Чёбот впервые за долгое время посмотрел прямо в глаза сыну:
– На что тебе?
Илья пожевал губами:
– Надо…
– Нету твоего меча! – вдруг взревел Чёбот. – Утопил я его в нужнике!
Илья хмуро смотрел на отца, пережидая. В дверях появилась, услышав крик, мать да и встала у косяка, сдерживая слёзы.
– Надо было этим мечом и вторую ногу покромсать твоему викингу, чтобы не приваживал юнцов железом кровавым махать!
– Не тронь Сневара, батя, – глухо произнёс Илья, стискивая кулаки. – Он спасал мне жизнь. Мне и… ей… – голос сорвался, поплыл. – Он… погиб как воин, и я… Хотел бы умереть так же, как он. В бою умереть… Я…
Голос Ильи окончательно пропал, и он зарыдал, отвернувшись к окну и закрыв лицо ладонями. Чёбот уже отмяк, покрылся пунцовыми пятнами и стоял, не зная, что делать и о чём говорить. Он растерянно повёл руками в стороны:
– Да ведь я… Да ты…
Он заметил в дверях Славу и забормотал:
– А ежели ты этим мечом себя, значит, того… Ну, значит… это…
Слава уже тоже плакала, уткнувшись в дверной косяк. Илья, не поворачивая головы, выдавил из себя:
– Эх, батя… Я же сказал – в бою… Как же я могу… Эх, батя…
На следующее утро, проснувшись, Илья обнаружил в своей постели, под боком, знакомый клинок в ножнах, заботливо отчищенный от грязи да ржи. Илья вложил потертый крыж в ладонь и сжал так, что побелели пальцы. Больше он не позволял себе смотреть на мир сквозь мокрое.
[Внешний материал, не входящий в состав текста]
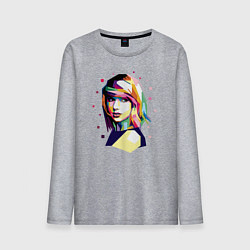 Лонгслив хлопковый мужской Taylor Swift Art, цвет: меланж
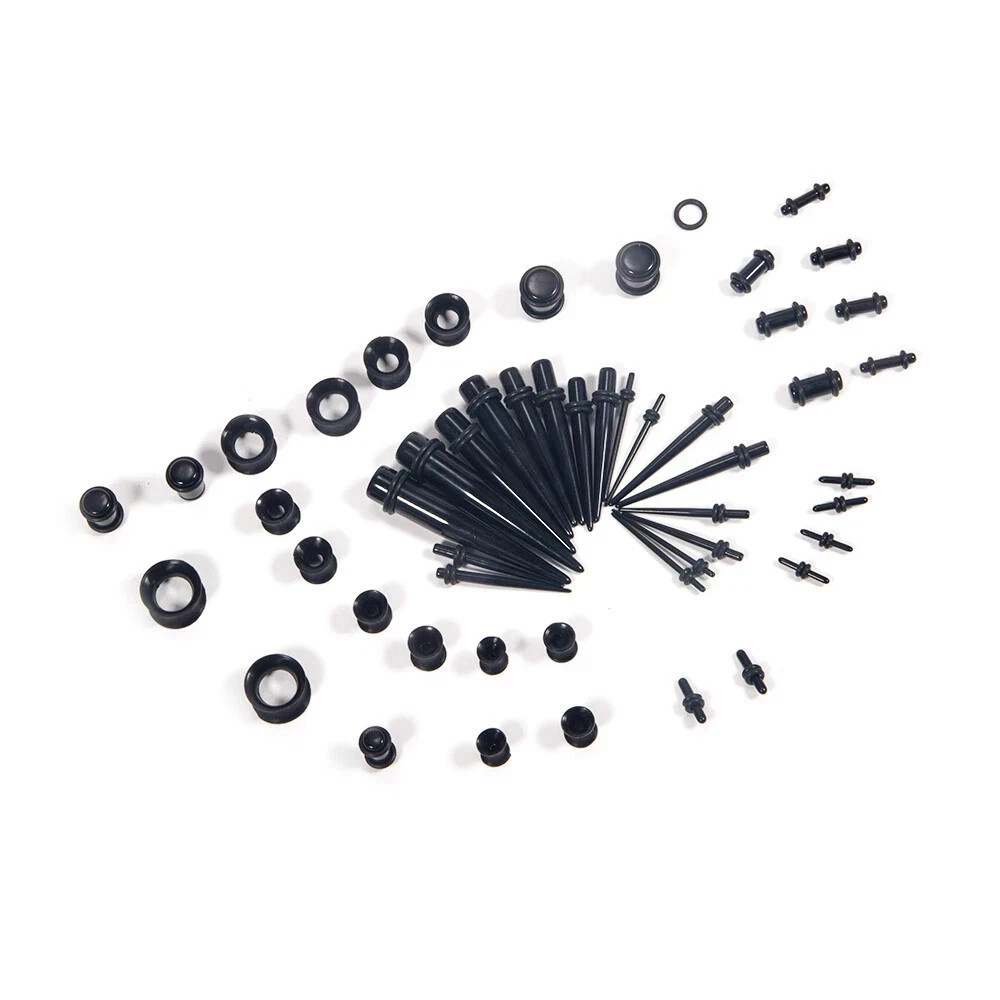 50pcs Ear Stretching Kit 14G-00G Taper Ear Gauges Plugs Tunnels Expander Set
Когда берёзы украсили себя серёжками, а усы Велеса засверкали под жарким солнцем, Илья подозвал отца и долго что-то ему втолковывал. А назавтра молчаливый теперь всё время Чёбот принялся таскать тёс и стучать топором во дворе. И скоро Илья лежал на новой скамье неподалёку от дома под сооружённым небольшим навесом, глядя на улицу и близкий лес. Здесь его лица и волос касался ветер, доносивший ему запах речки, аромат скошенной травы, и были слышны голоса гуляющих вечерами неподалёку парней да девок. От этих голосов, давно, как ему казалось, позабывших его имя, ему становилось плохо, и он просил отца внести его обратно в дом. Но это случалось только под вечер.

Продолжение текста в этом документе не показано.